Despite claiming with ear-melting constancy for years that prisons are like holiday camps, the British public has been won over by the spiffing condition of the prison in which Downton Abbey's John Bates is doing his time, and HM Prison Service has today announced a new initiative in reaction.

A spokesperson announced:

Obviously Downton has made us all take a long, hard look at ourselves, and we've realised that prisons can be places where all the inmates wear pristine fluffy grey uniforms and never utter a swearword worse than 'perishing'.
At the pilot Jolly Nice Gaol, mornings will see inmates enjoy a breakfast of hot buttered crumpets with lashings of raspberry jam or marmalade, before two hours of free time in which activities such as shove ha'penny, piano recitals and charades will be laid on.

Bates upbraids a ruffian who tried to make off with his pumice stone.

In the afternoons, prisoners will be expected to read improving books in the library or play croquet in the grounds.

The spokesperson warned, however:

Don't think this means a free ride for transgressors, though. A code of conduct will be in place. Say an up-to-no-gooder attempted to pilfer the last piece of Battenburg from the prison pantry, for example: they'd be denied lawn tennis privileges for a week. Possibly two.

Bates demonstrates how prisoners might spend their free time: writing a letter to the editor of The Times expressing concern at proposed changes to the lbw rule.

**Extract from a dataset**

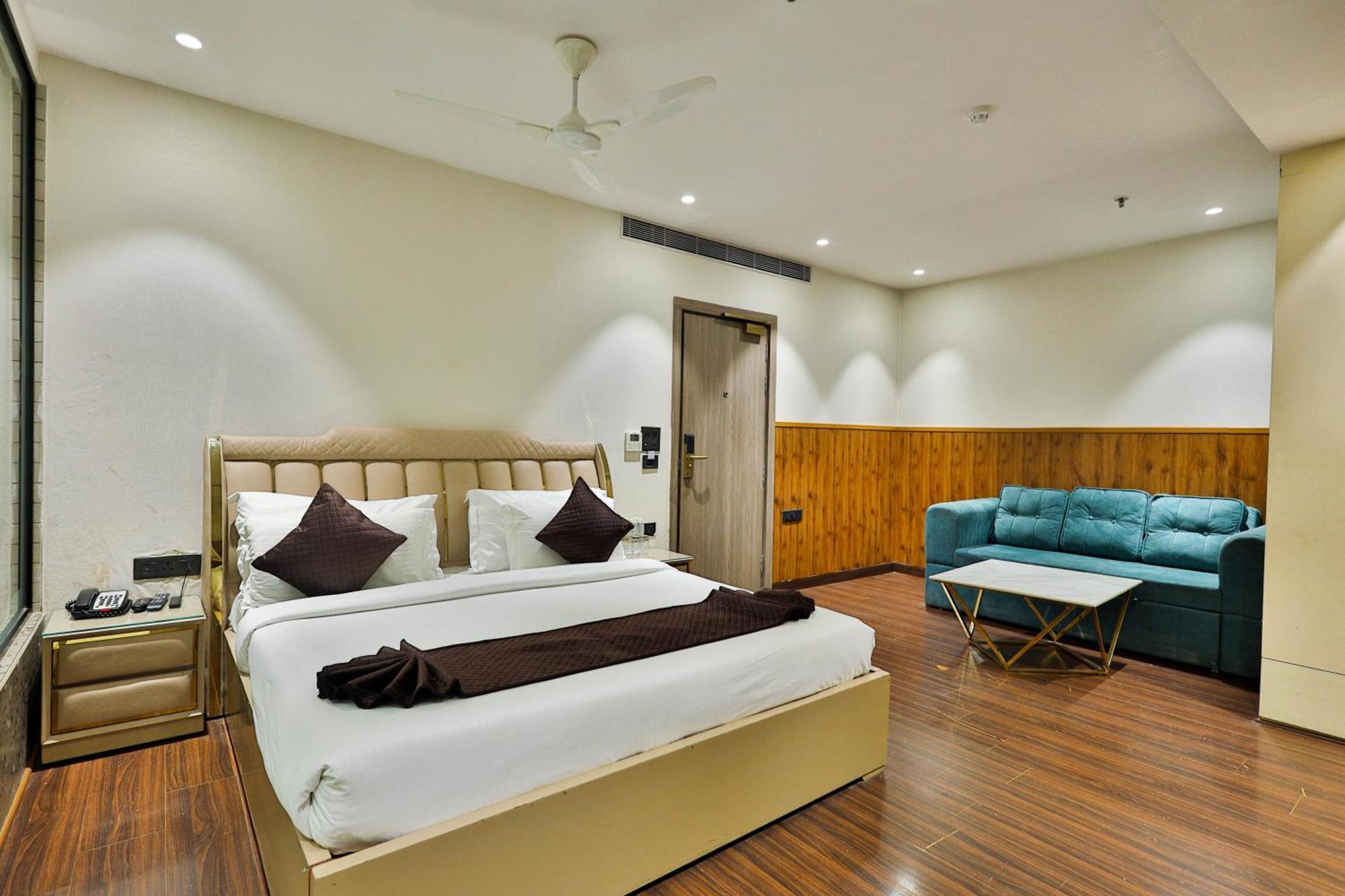 Clay Inn Hotels, Paschim Vihar デリー エクステリア 写真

In further tough measures, prisoners will also be expected to attend elocution lessons in order to root out and eliminate any habit of using double negatives, as well as remove their cloth caps whenever addressed by a guard or anyone of a higher social class in order to instil a sense of their position in the natural order.

Downton creator Julian Fellowes expressed surprise at the development.

"You mean to say prisons are a real-life thing that people actually go to?" he said to an interviewer. "I had no idea they existed in real life. I thought we just shot people as soon as their income dropped below a certain level and had done with it."